No encuentro en la historia nacional el ejemplo de un período de gobierno que no se haya constituido en una oligarquía.
Para empezar, Olaya y López no se podían ver. Luego se detestaban López y Santos. A continuación Lleras abominaba de Turbay y de Gaitán, que se execraban el uno al otro. Y todos odiaban a sus antecesores, los generales de las guerras civiles. En eso consistieron los dieciséis años de lo que se llamó la República Liberal, entre 1930 y 1946.

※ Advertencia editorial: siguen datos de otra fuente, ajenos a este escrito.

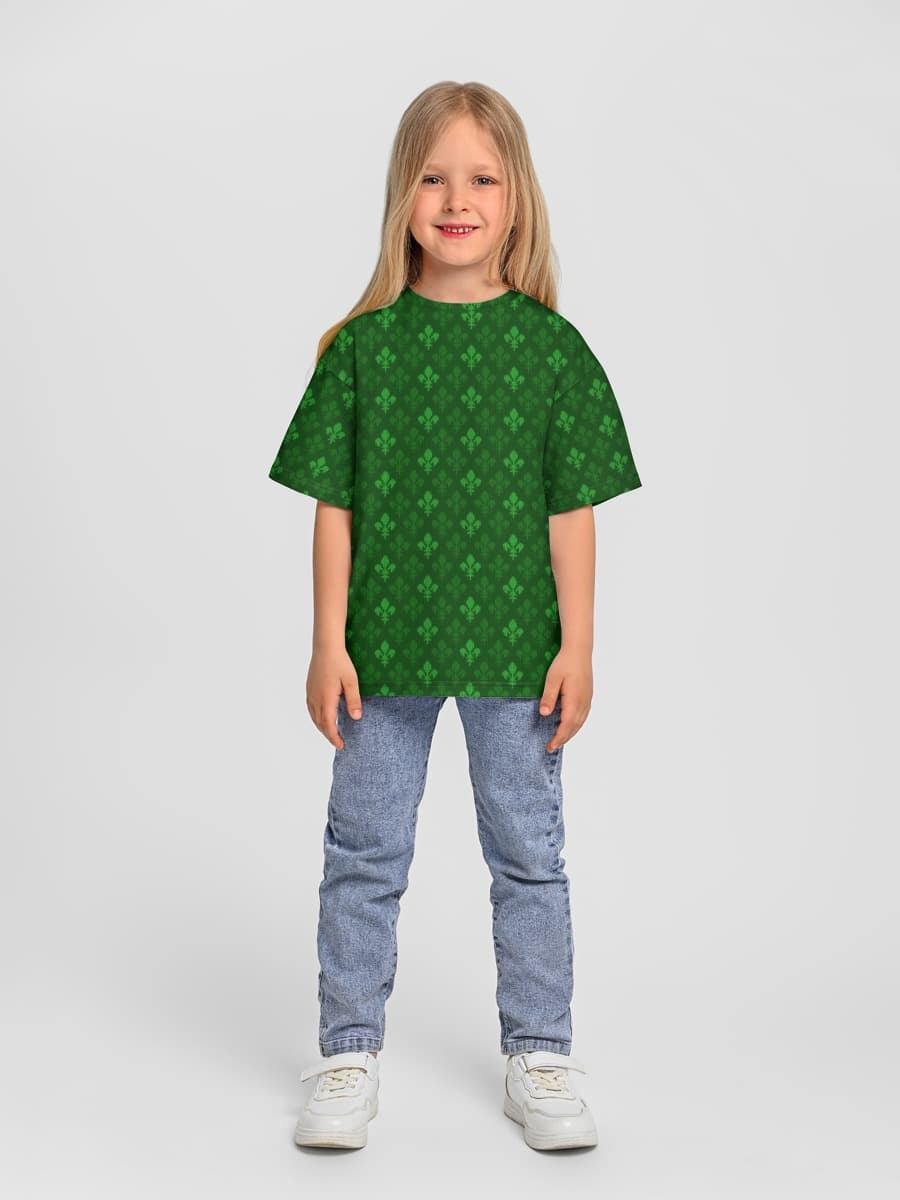 Oversized Baumwoll-T-Shirt Mädchen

La crisis del año 29 en la bolsa de Nueva York dio comienzo a la Gran Depresión económica en el mundo entero. En Europa reinaba un gran desorden: surgían los fascismos en Italia y Alemania, mientras que en España caía la monarquía y se proclamaba la República. En los Estados Unidos el demócrata Franklin Roosevelt era elegido presidente e iniciaba la política económica del New Deal. En toda América Latina florecían las dictaduras militares —salvo en México, donde imperaba la dictadura civil del Partido Revolucionario Institucional, PRI—. Pero en Colombia todo parecía inconmovible. Cuenta un historiador: “Todo era conservador: el Congreso, la Corte Suprema, el Consejo de Estado, el Ejército, la Policía, la burocracia”. Por eso cuando en la Convención Liberal de 1929 Alfonso López Pumarejo advirtió a su partido que debía prepararse para asumir el poder, nadie lo creyó posible.

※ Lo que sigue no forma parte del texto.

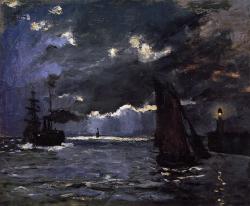 oilpaintinggallery:  Seascape Night Effect by Claude Monet, Oil painting reproductions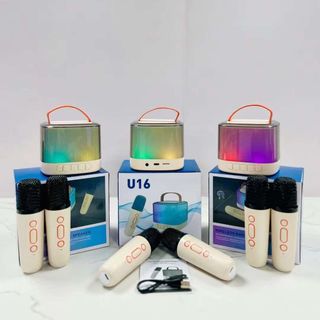 Loa Karaoke U16 Kết Nối Bluetooth Kèm 2 Mic Không Dây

Seguro de sí mismo, el conservatismo se dividió entre dos candidatos: un general y un poeta. Y los liberales decidieron tentar suerte con el nombre de Enrique Olaya Herrera, que despertó un gigantesco respaldo popular completamente inesperado, pues llevaba casi diez años ausente del país: nada menos que como embajador en Washington de los sucesivos gobiernos conservadores. Olaya desembarcó en Barranquilla y se vino río Magdalena arriba echando discursos diluviales y dando vivas al gran Partido Liberal en cada puerto y en cada plaza de pueblo hasta llegar a Bogotá. Y arrasó en las elecciones. Bajo la modorra de la Hegemonía un crucial dato demográfico había cambiado: en treinta años se había casi duplicado la población del país, y la proporción entre la rural y la urbana se había transformado radicalmente. Lo cual, empujado por la crisis económica que disparó el desempleo en las nacientes industrias citadinas y en las obras públicas financiadas a debe con empréstitos extranjeros, desembocó en un vuelco electoral: los conservadores perdieron votos en el campo y los liberales los ganaron en las ciudades. Y tal vez por primera vez en la historia de la república tuvieron estos las mayorías electorales legítimas, sin necesidad de recurrir al fraude como en la época del Olimpo Radical.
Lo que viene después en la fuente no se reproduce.